![]() |
Asteria. |
Depois disso não mais tropecei ou ouvi falar em cinemas ao ar livre e, como vira acontecer um pouco com os circos, calculei que tivessem passado de moda e estiolado, extintos dos mapas pelos anos gelados em que todos os cinemas — quanto mais estes parentes pobres sem um tecto — foram cilindrados, primeiro pelos videoclubes, em seguida pelas cavernas alcatifadas das colmeias multiplex dos centros comerciais, e mais recentemente pela torrente sedentária e inesgotável do streaming caseiro.

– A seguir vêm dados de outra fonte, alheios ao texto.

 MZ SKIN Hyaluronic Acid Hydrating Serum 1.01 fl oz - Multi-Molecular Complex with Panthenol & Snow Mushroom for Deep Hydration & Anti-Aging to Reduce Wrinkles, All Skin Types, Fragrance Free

Morreram portanto, pensava eu (ou melhor: nem sequer pensava no assunto), tinham-se transformado numa reminiscência apenas celebrada em documentários bem intencionados, ou em películas sentimentais, louvando e glosando os dias ingénuos e os bons selvagens, como Cinema Paraíso. Isto até à tarde em que, arrastando a minha mala com rodinhas pelos empedrados da cidadezinha de Rethymno (Rétimo, na tremenda tradução portuguesa), situada algures na costa Norte da ilha de Creta, topei no Cine Asteria, recinto nomeado segundo a deusa do mesmo nome, cuja etimologia do nome aponta para o muito apropriado significado de Estrela. Ali estava ele, à devassa dos meus olhos terrenos e incrédulos, pois cumpria todos os requisitos das coisas desusadas, ultrapassadas, kitsch, quiçá oníricas.

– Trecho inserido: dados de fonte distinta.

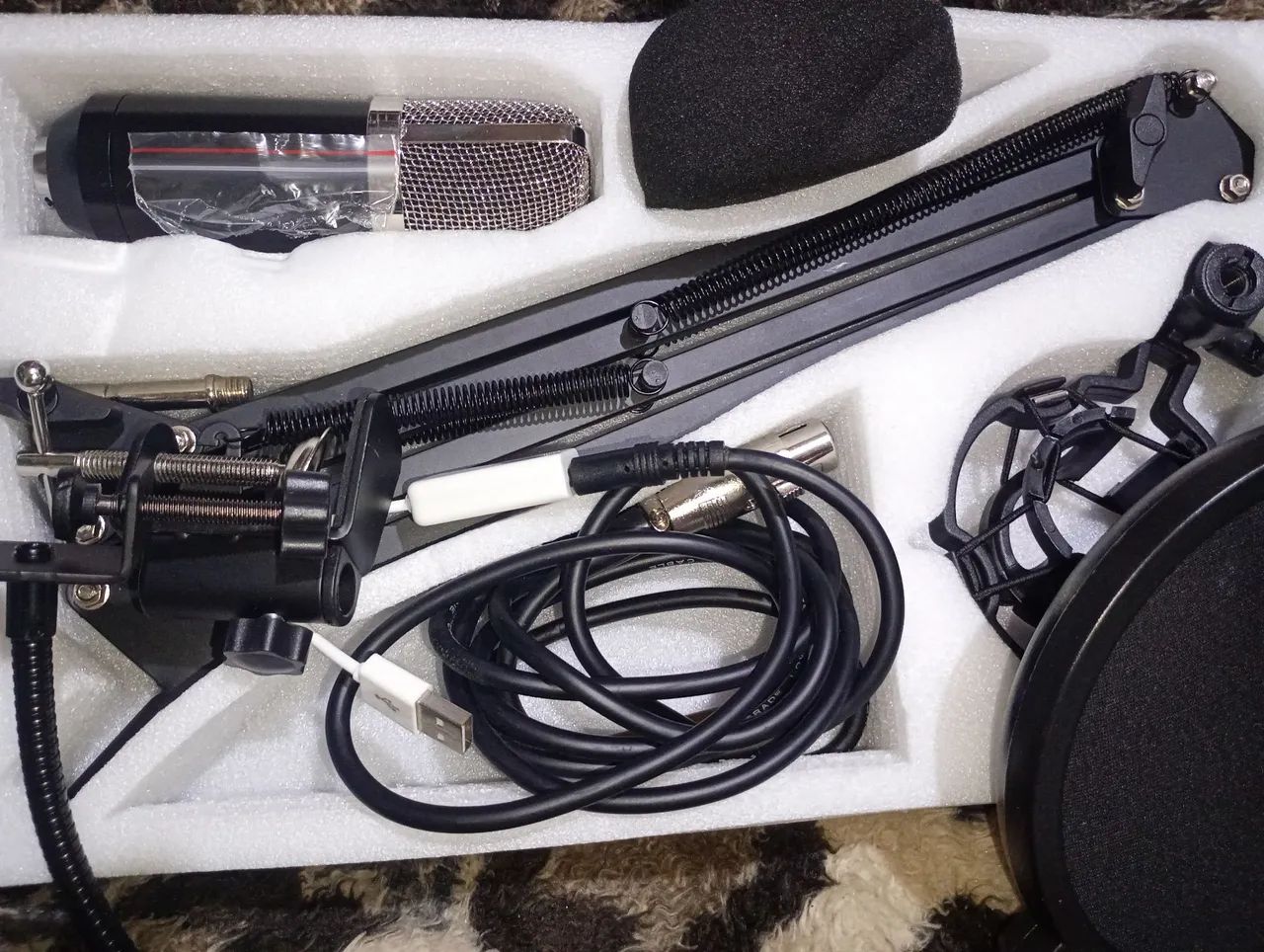 Microfone condensar profissional  - Foto 3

Voltámos uma noite, claro, curiosos e sentindo-nos prendados pela informação de que a fita em exibição (Megan 2.0) seria exibido no americano original e legendada em grego. A calmaria reinante no recinto era semelhante à da tarde em que ali espreitáramos a primeira vez, apenas havia agora uma senhora encaixada na bilheteira e as portadas castanhas do pequeno bar, pintado a amarelo, ao fundo da esplanada, tinham sido recolhidas para que todos os acepipes que devem adereçar uma sessão de cinema se expusessem no seu esplendor: havia popcorn, nachos, chips, cookies, oreo, amaretti e até nero, que é água em grego. Para além disso, apenas os gatos do costume, cirandando entre as mesas a ver o que poderia pingar. Também ainda era cedo e fôra escusado termo-nos apressado, como se a sessão das nove (haveria outra às vinte e três) pudesse esgotar; deste modo sentámo-nos na esplanada, vendo as vistas, isto é os gatitos, passeando, à falta de melhor, a ponta de uns dedos descaídos pelos lombos espinhados.
Quando a porta larga no muro se abriu para a sessão, acabámos por ser uma magra dúzia de pessoas espalhadas pelo recinto. A fita seria projectada na parede de cimento que separava uma das extremidades do espaço da rua e a plateia era ampla e confortavelmente mobilada por cadeiras de lona à realizador de cinema, cada par delas intercalada das restantes por uma mesa metálica de café, onde aguardava um cinzeiro de vidro.
Ao começar do filme, restava ainda claridade no firmamento e os sons soltos da rua chegavam-nos, sem cerimónia, por sobre a placa de betão do ecrã. Mas, sem aviso, a coisa aqueceu e as colunas rouquejaram e troaram um genérico que logo esbateu a proximidade do exterior, sem, no entanto, causar agitação nos gatos, que, prevendo a mudança de cenário das eventuais migalhas, se passeavam pelo recinto alheios ao tremeluzir das imagens e aos decibéis da banda sonora. Rapidamente lhes segui o exemplo, pois o filme era mau demais e o olhar foi-me sendo disputado pela envolvência, pela cor e macieza do céu que por ali andava a pousar-me os ombros sem pedir licença, um céu agora escuro e respeitador da concorrência, mas bem longe de se lhe poder chamar de breu, pois um azul mediterrâneo nunca se extingue, mesmo não havendo lua ou estrelas visíveis, como era o caso.Acabámos por voltar aos degraus do Cine Asteria diversas vezes (diariamente, para ser franco), mas não para rever o Megan 2.0 ou os seus sucedâneos. Aqueles gatitos arranhavam a memória, estavam magros demais e era óbvio que o recheio do bar não lhes servia, nem a sétima arte lhes enchia o apetite da alma o suficiente. Numa revoada fulgurante, aderiram instantaneamente àquelas novas sessões de paté de salmão e frango, comprados por nós numa mercearia da vila e, para satisfação da ânsia de todos, generosamente disperso em grumos pelos degraus da escadaria de cimento.